## WORK ITEM
The reply must consist of the lines from the first line of the records through the line containing "I have the color", copied exactly, with every picture omitted.

## Stored items
————

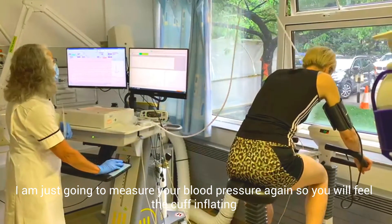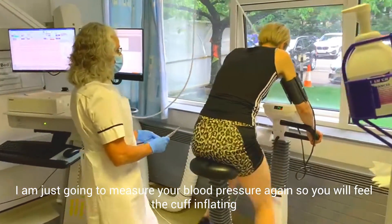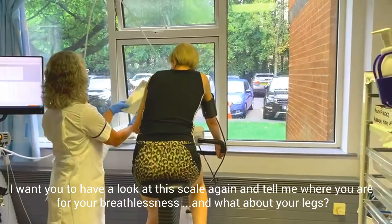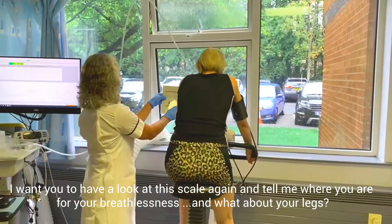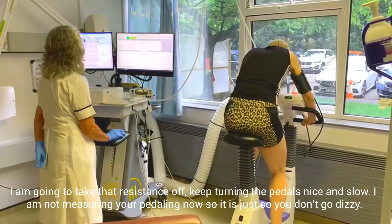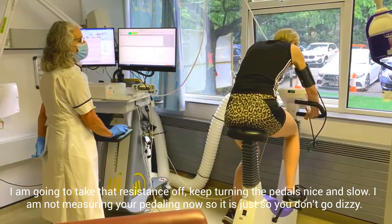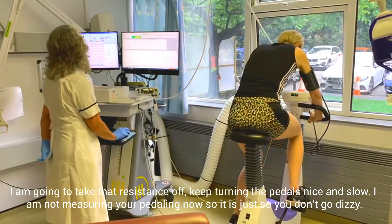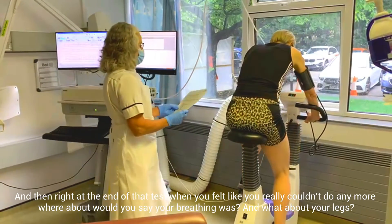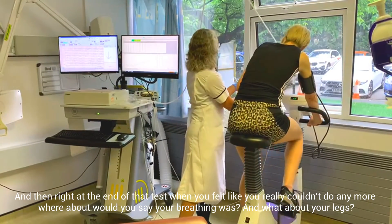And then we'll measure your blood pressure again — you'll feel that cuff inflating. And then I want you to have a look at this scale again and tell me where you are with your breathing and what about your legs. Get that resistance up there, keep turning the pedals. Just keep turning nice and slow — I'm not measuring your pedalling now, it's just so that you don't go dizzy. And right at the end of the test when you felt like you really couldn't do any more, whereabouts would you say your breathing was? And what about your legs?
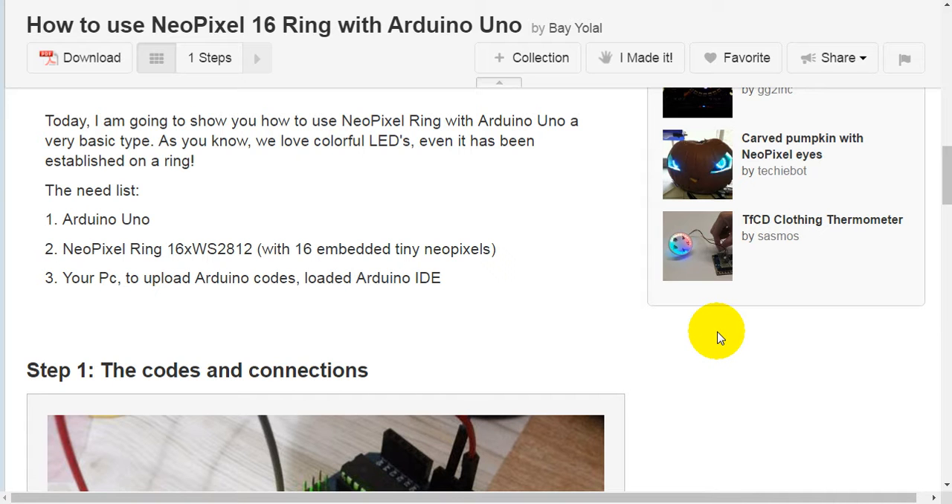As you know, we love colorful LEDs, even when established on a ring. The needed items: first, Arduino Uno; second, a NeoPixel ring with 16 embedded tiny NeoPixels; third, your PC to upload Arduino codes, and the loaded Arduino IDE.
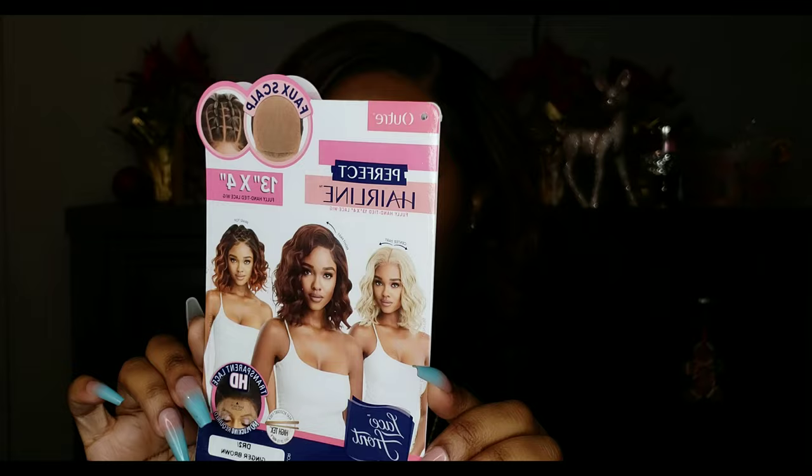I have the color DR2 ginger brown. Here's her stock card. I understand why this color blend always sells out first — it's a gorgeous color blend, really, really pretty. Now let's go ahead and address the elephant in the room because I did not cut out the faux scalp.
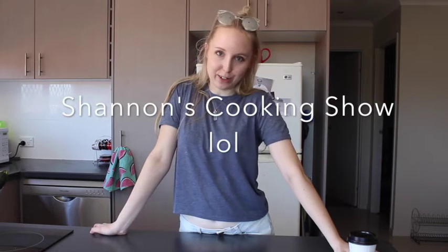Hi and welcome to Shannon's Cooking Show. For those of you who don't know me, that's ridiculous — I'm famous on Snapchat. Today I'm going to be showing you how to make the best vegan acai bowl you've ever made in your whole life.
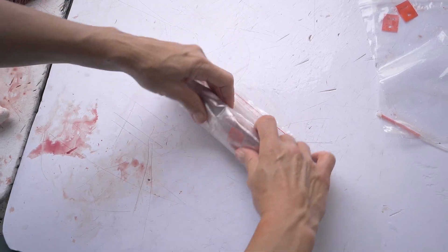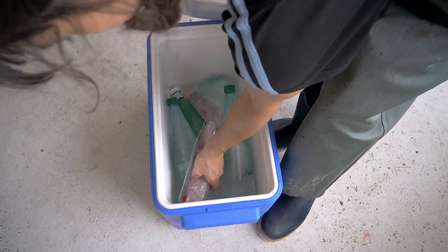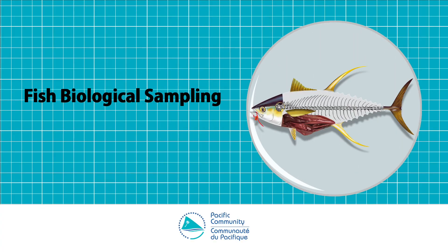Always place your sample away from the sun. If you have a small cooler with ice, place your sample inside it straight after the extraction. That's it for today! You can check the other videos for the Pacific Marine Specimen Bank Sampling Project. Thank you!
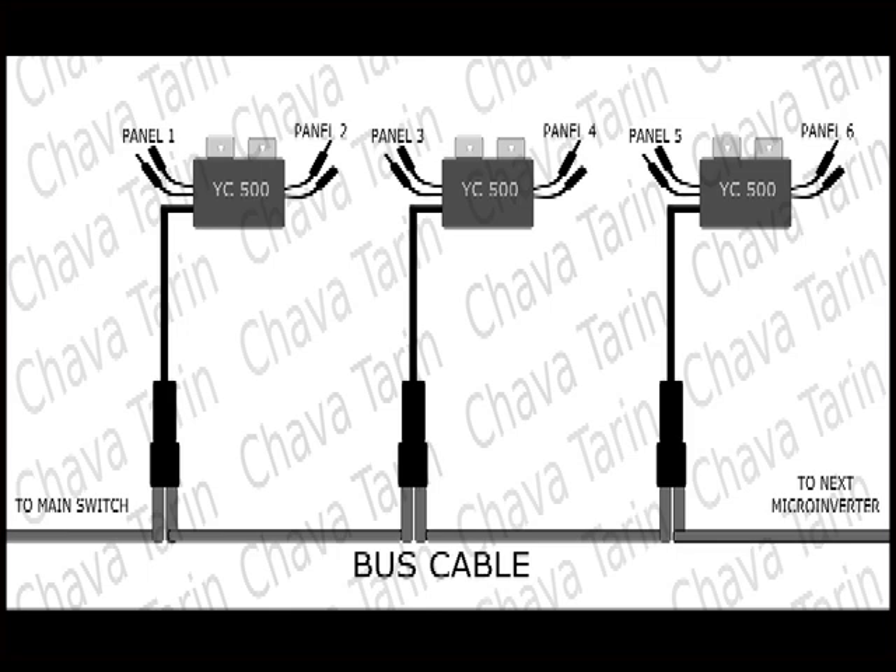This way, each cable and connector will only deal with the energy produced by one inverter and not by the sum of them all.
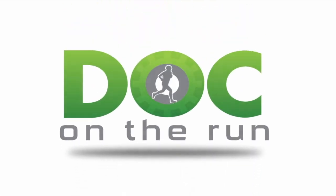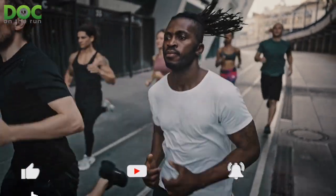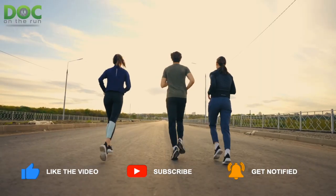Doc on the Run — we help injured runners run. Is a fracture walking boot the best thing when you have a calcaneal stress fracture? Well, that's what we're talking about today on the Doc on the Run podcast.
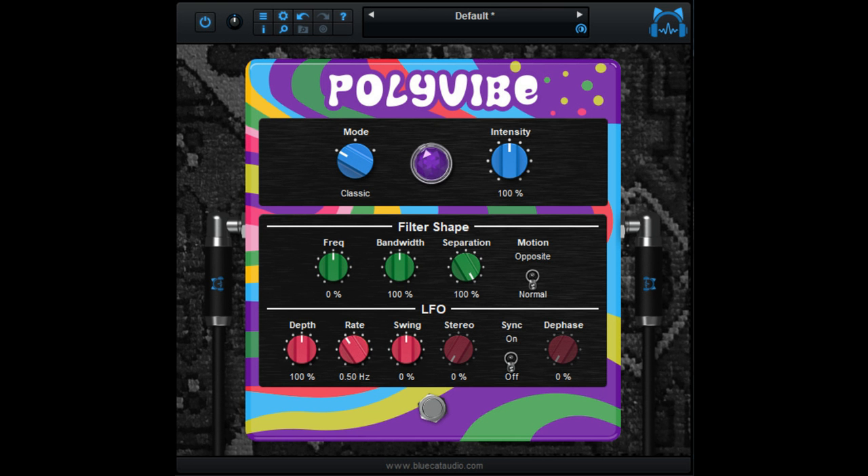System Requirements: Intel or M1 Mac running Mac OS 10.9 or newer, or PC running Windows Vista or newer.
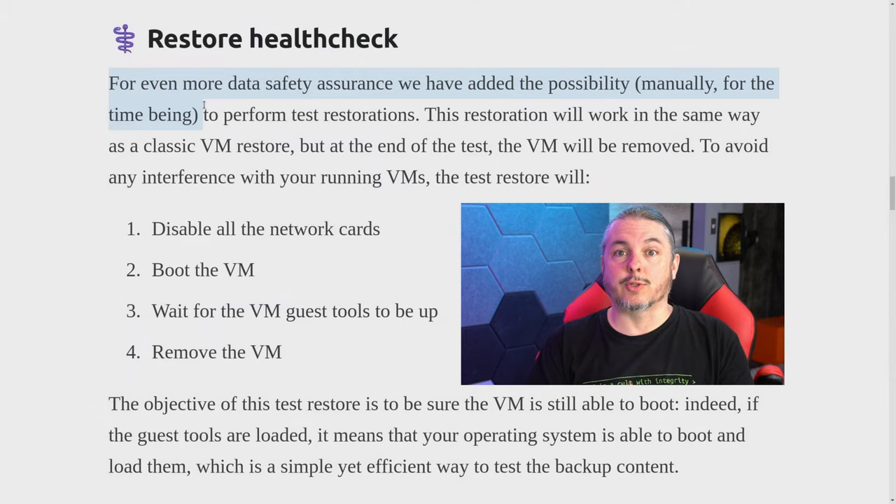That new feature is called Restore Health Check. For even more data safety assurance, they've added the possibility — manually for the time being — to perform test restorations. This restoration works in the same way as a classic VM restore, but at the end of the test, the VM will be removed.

————

## RESPONSE TO THIS TASK
And then we'll measure your blood pressure again — you'll feel that cuff inflating. And then I want you to have a look at this scale again and tell me where you are with your breathing and what about your legs. Get that resistance up there, keep turning the pedals. Just keep turning nice and slow — I'm not measuring your pedalling now, it's just so that you don't go dizzy. And right at the end of the test when you felt like you really couldn't do any more, whereabouts would you say your breathing was? And what about your legs?
As you know, we love colorful LEDs, even when established on a ring. The needed items: first, Arduino Uno; second, a NeoPixel ring with 16 embedded tiny NeoPixels; third, your PC to upload Arduino codes, and the loaded Arduino IDE.
I have the color DR2 ginger brown. Here's her stock card. I understand why this color blend always sells out first — it's a gorgeous color blend, really, really pretty. Now let's go ahead and address the elephant in the room because I did not cut out the faux scalp.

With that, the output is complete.